Photo by Terry Robinson via Wikimedia Commons
Carillion, the troubled contractor, is about to face a pivotal showdown with lenders next Wednesday, hoping to convince the lenders to fill a massive funding gap and safeguard the future of the company and its 50,000 global workforce.
The company, which has its headquarters at Wolverhampton, is set to present a business plan to a syndicate of lenders that is led by Barclays, HSBC, and the Royal Bank of Scotland on the 10th of January.
Carillion insists that the plan will present the foundations for a turnaround that it hopes will prevent a share slide that observed 90 percent of stock market valuation washed away in 2017.
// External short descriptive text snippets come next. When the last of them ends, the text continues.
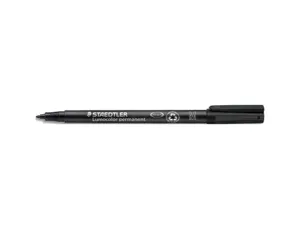 Stylo-feutre staedtler lumocolor permanent pointe moyenne multi-supports séchage immédiat résistant eau coloris noir — Non…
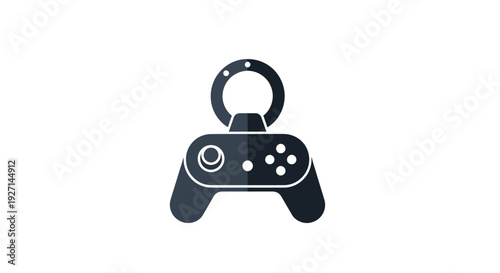 Black Game Controller with Ring Attachment.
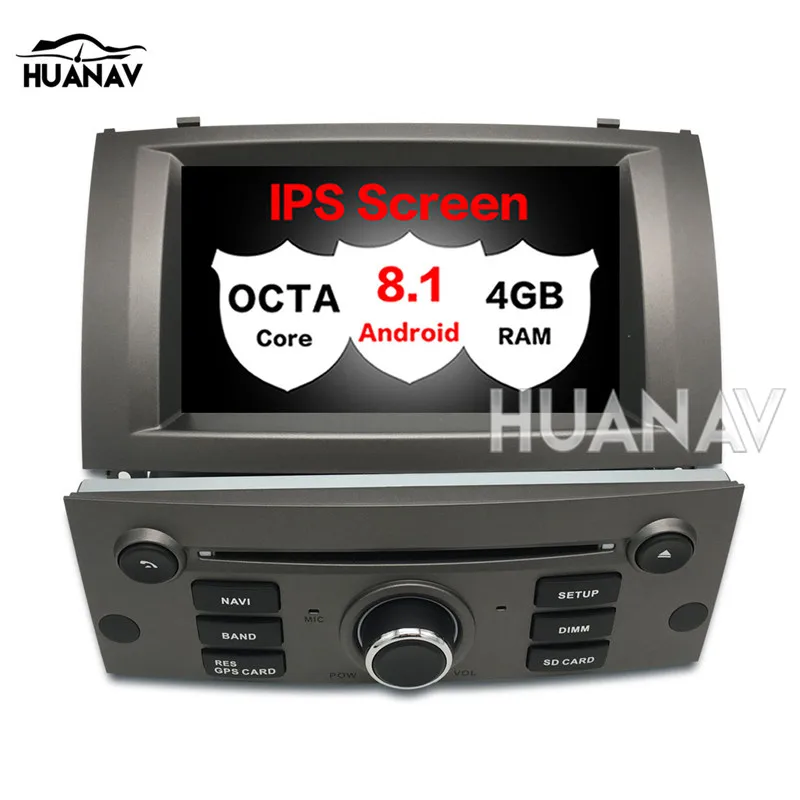 Excellent 7" Android 8.1 Car DVD Player Multimedia Stereo For Peugeot 407 2004 2005 2006 2007 2008 2009 2010 Auto radio GPS Navigation 4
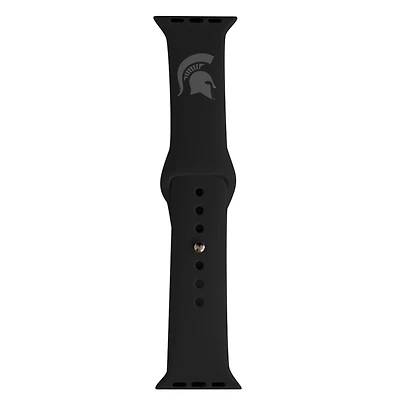 Black Michigan State Spartans 42/44mm Apple Watch Band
Earlier this afternoon, Sky News quoted some sources stating “the next two weeks are critical” for the company. It was reported that the current funding gap of Carillion runs into hundreds of millions of pounds.
EY has been assisting the management of Carillion since July, rendering crisis management and aiding to maximise cash coffers.
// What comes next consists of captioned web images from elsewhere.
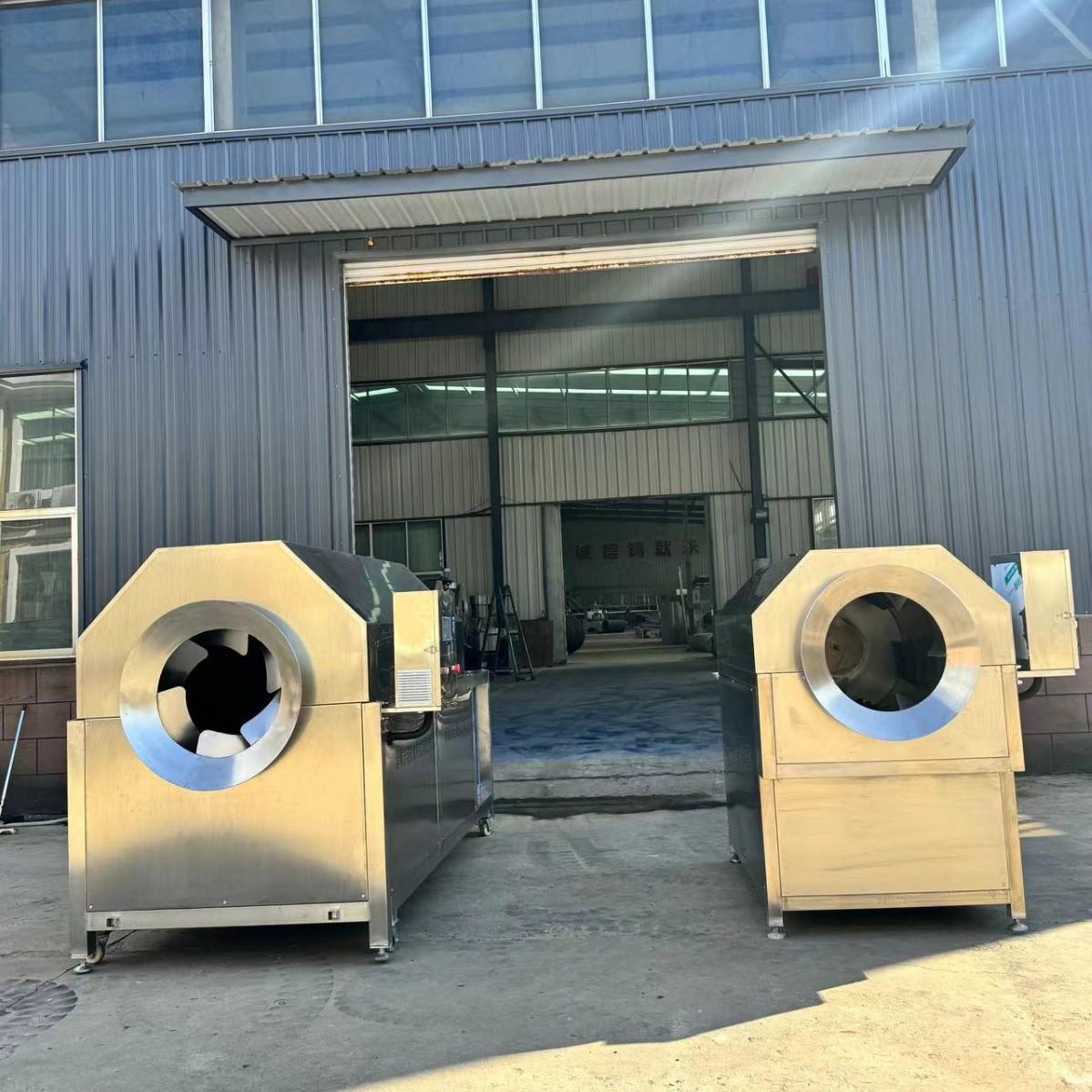 全自动炒滚筒电鸡磁炒货机 爪谷胡麻不锈炒锅 亚麻籽菜籽ERZ钢料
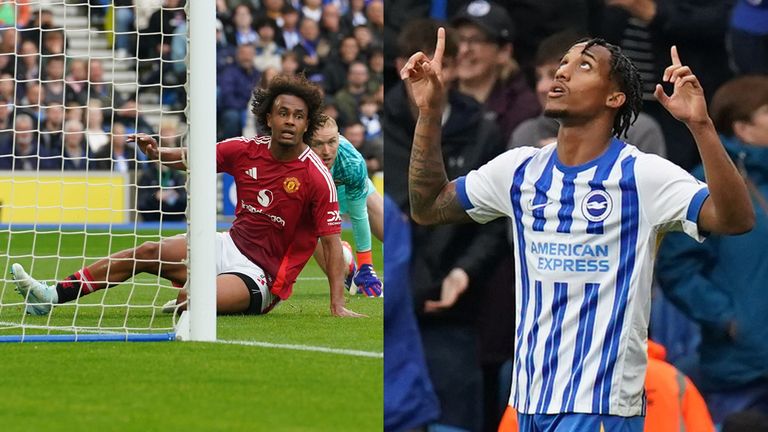 Joao Pedro scored Brighton's winner against Manchester United after VAR ruled out an offside goal by Joshua Zirkzee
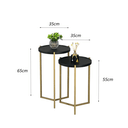 Ver imagem 7 de Mesa Auxiliar Apoio Lateral Redonda Sofá Sala Estar Centro:preto Fosco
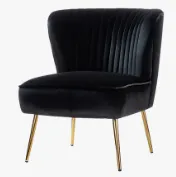 Black Velvet side chair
Carillion had bound its hopes on raising £300m through a sale of its assets, a majority of which it was expected would be realised from sales made in Canada. However, while some smaller operations in the United Kingdom have already been sold, the company was not able to manage to beat subsidiaries across the pond.
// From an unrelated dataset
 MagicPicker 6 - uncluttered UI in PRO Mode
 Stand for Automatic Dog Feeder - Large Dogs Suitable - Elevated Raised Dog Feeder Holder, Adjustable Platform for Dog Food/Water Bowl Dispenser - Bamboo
The London-listed company is due to pay back an emergency funding amounting to £40m by the end of April. Last autumn, lenders extended cash amounting to £140m in the hope that it would provide the HS2 contractor with enough breathing space. The remaining balance of £100m must be repaid by the end of 2018.
Earlier this week, the Financial Conduct Authority (FCA) revealed a probe into Carillion regarding its stock market communication in the months before the shock announcement in July of contract write-downs amounting to £845m.
The investigation followed a report exposing the depth of the problems that are faced by the company and how hedge funds were apparently aware of them well even before last summer.
Today, a spokesperson from Carillion stated: “Carillion is in constructive discussions with a broad range of stakeholders regarding its options to reduce net debt and recapitalise and/or restructure the Group’s balance sheet. The Group is currently finalising its business plan, which it intends to present to its financial creditors and certain other stakeholders on Wednesday 10 January 2018, in line with the previously announced timetable. Once finalised, the business plan will provide the basis for the agreement of a proposal to restore Carillion’s balance sheet.”